§ Task details
With the pictures omitted, repeat exactly the lines below starting with the line that has "Poster - Soft" and going on through the line that has "Aone Hotel Jacarta Exterior foto".

§ Entries supplied
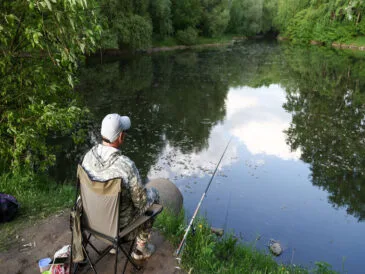 Прогноз кльова риби на тиждень 16 - 22 травня 2025: погода, кого та як ловити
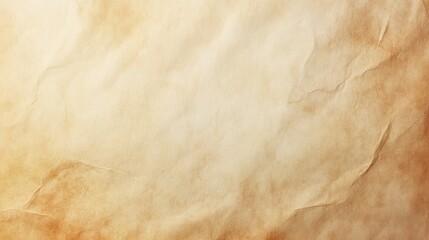 Poster - Soft Textured Parchment Paper Background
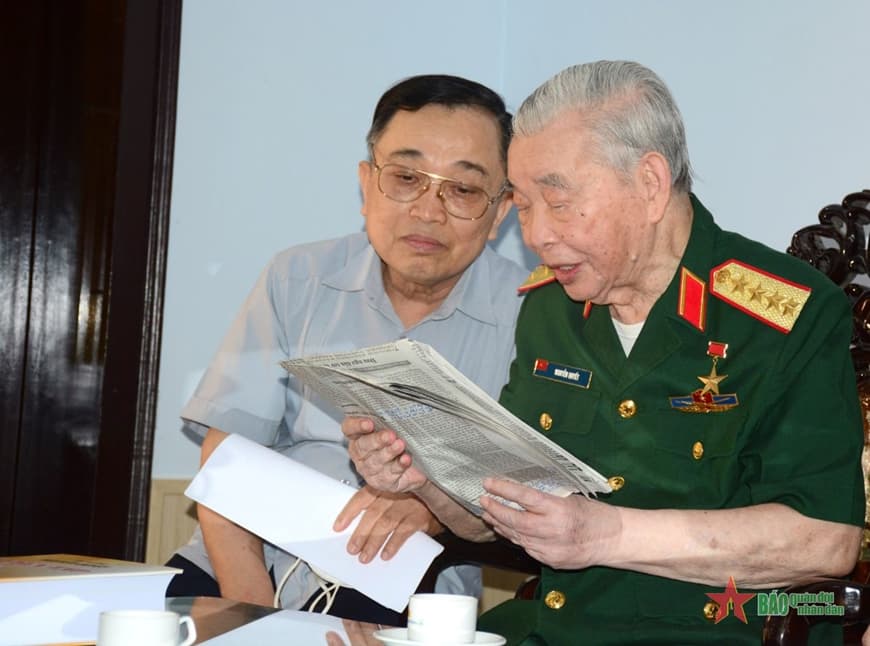 Vị tướng “làm giàu, đánh thắng”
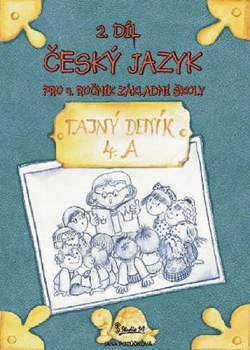 Český jazyk pro 4. ročník základní školy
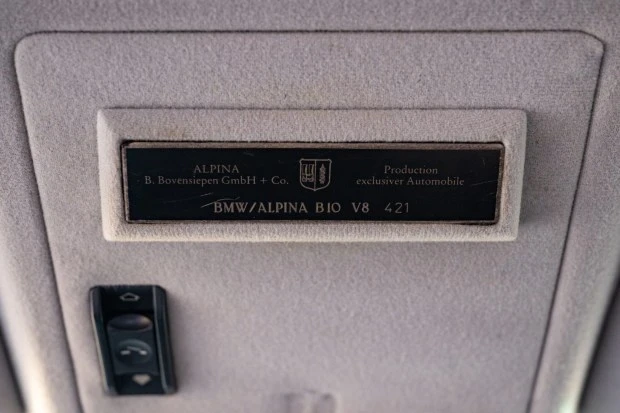 1998 BMW Alpina B10 - Image 6 of 8
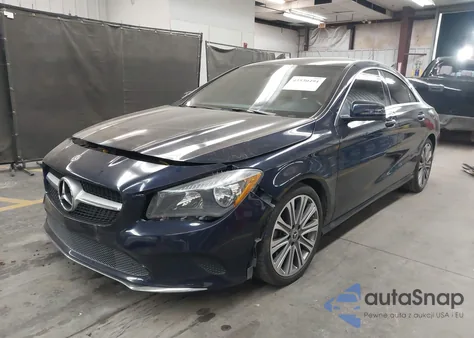 2018 Mercedes-Benz Cla 250 из США, поврежденный, VIN WDDSJ4EB2JN614128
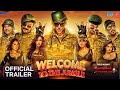 Welcome To The Jungle Official Trailer Welcome 3 Akshay Kumar Sanjay Dutt Welcome 3 Teaser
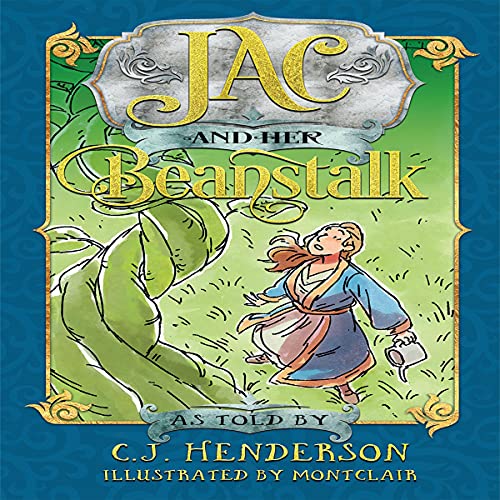 Jac and Her Beanstalk cover art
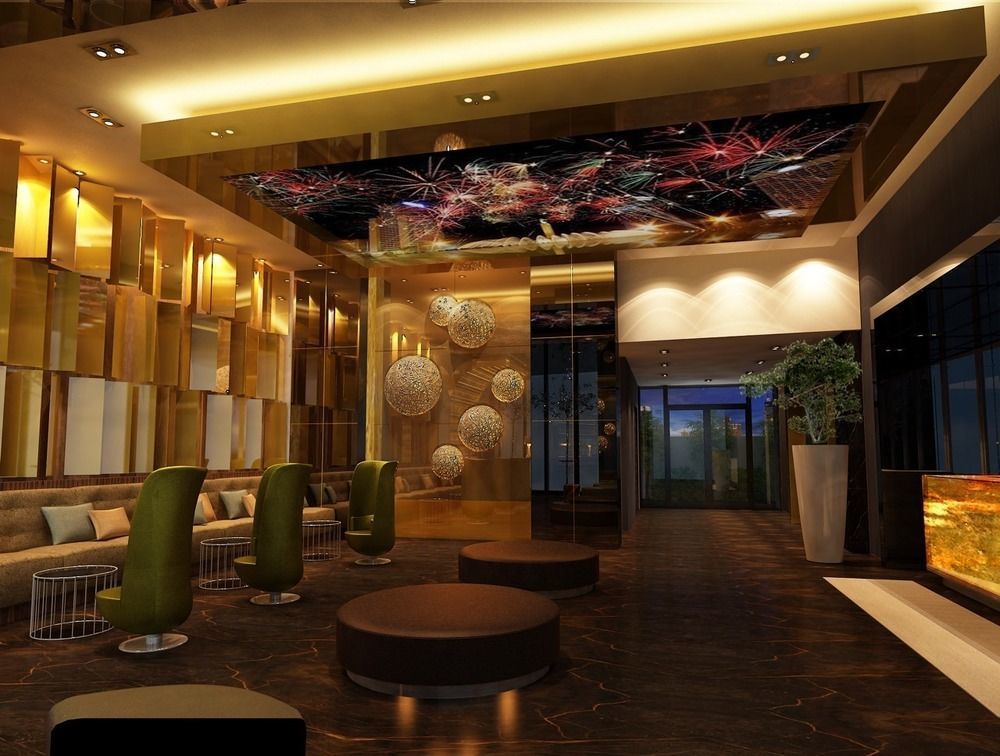 Aone Hotel Jacarta Exterior foto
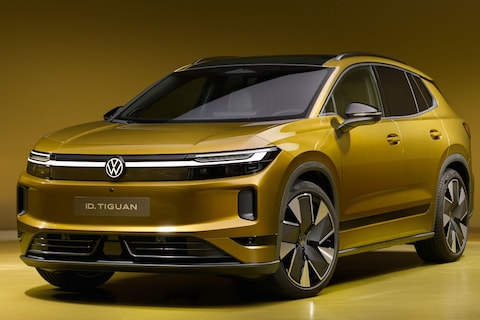 De Volkswagen ID Tiguan is minimaal €1.000 duurder dan zijn voorganger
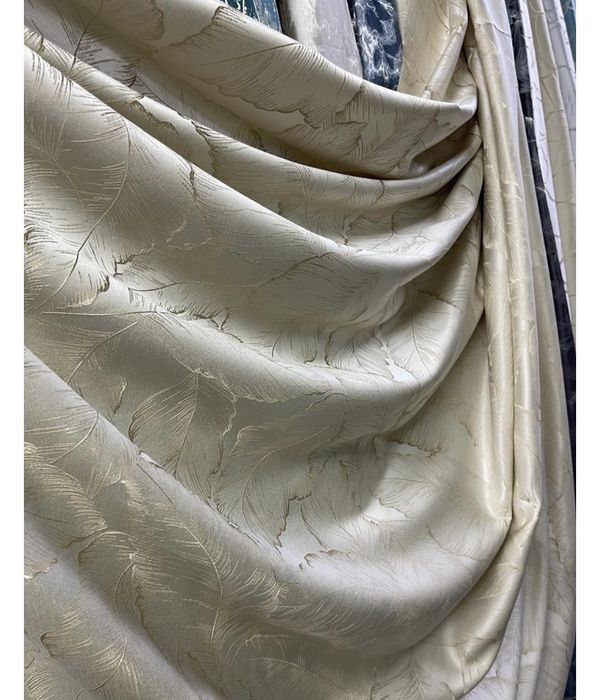 Шторы и тюль 3 штук в коммлекте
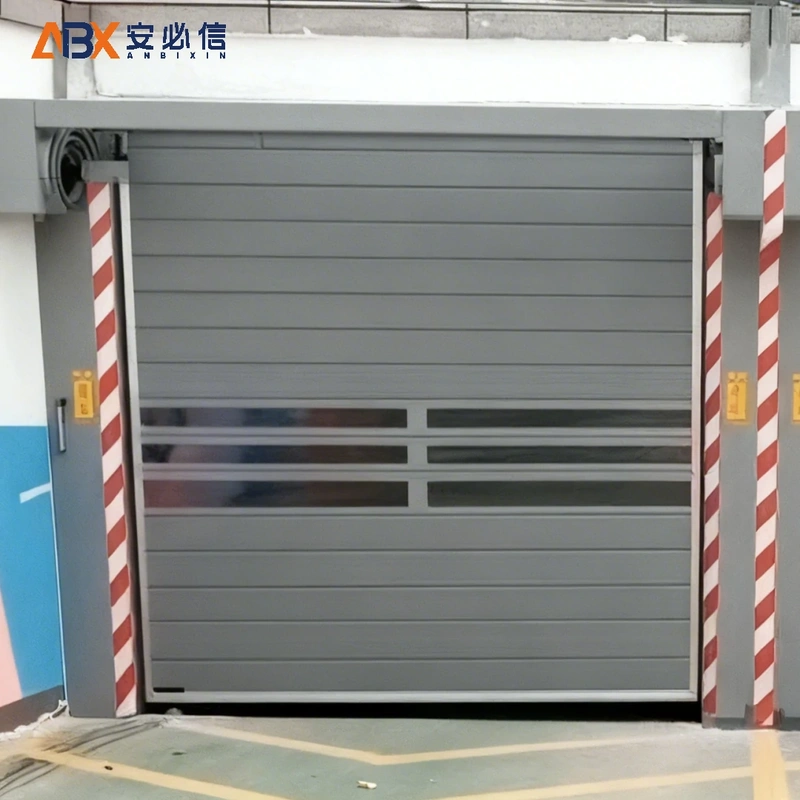 石家庄PVC高速门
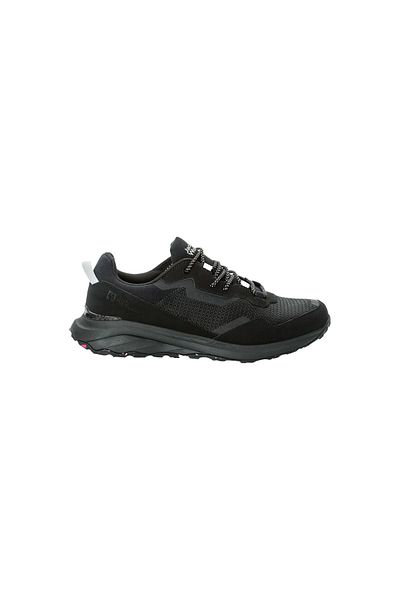 Jack Wolfskin Dromoventure Low Men's Gray Outdoor Shoes Men's Outdoor Shoes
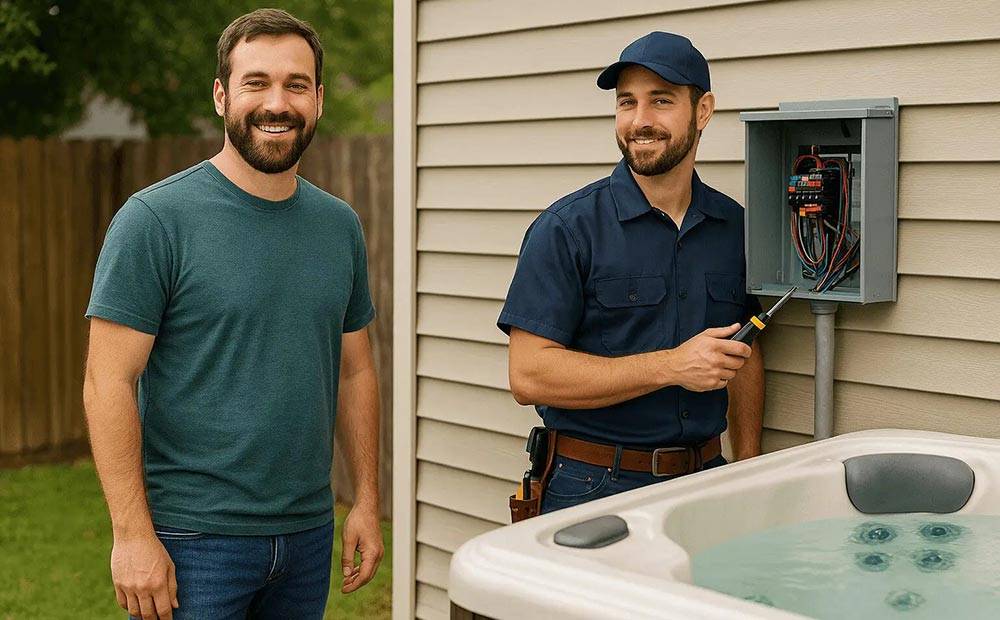 What You Must Know About Wiring a Home Hot Tub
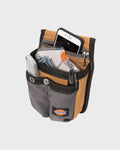 Tool Pouch with Zippered Security Pocket
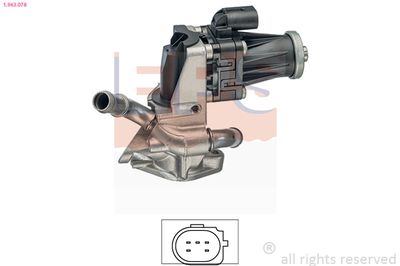 Zawór AGR EPS 1.963.078
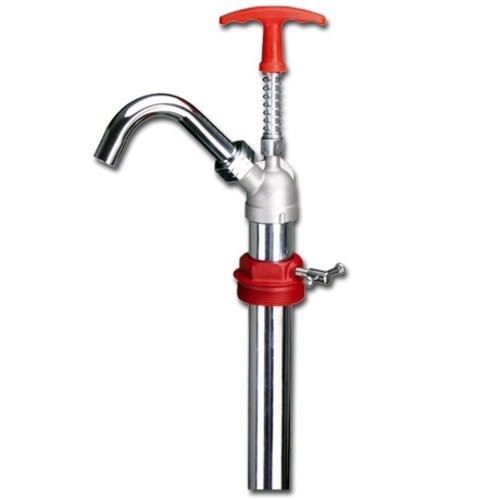 Hand Operated Mild Steel Vertical Lift Pump Vlp, For Industrial, Model Name/Number: VLP/01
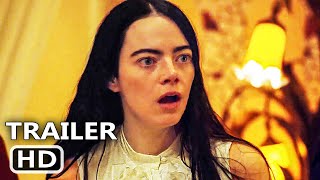 POOR THINGS Trailer 2023 Emma Stone [upl. by Victoria]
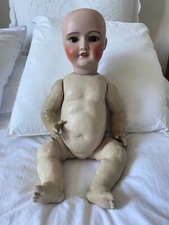 Bebe de Caractere UNIS FRANCE Tête Porcelaine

§ Solution
 Poster - Soft Textured Parchment Paper Background
 Vị tướng “làm giàu, đánh thắng”
 Český jazyk pro 4. ročník základní školy
 1998 BMW Alpina B10 - Image 6 of 8
 2018 Mercedes-Benz Cla 250 из США, поврежденный, VIN WDDSJ4EB2JN614128
 Welcome To The Jungle Official Trailer Welcome 3 Akshay Kumar Sanjay Dutt Welcome 3 Teaser
 Jac and Her Beanstalk cover art
 Aone Hotel Jacarta Exterior foto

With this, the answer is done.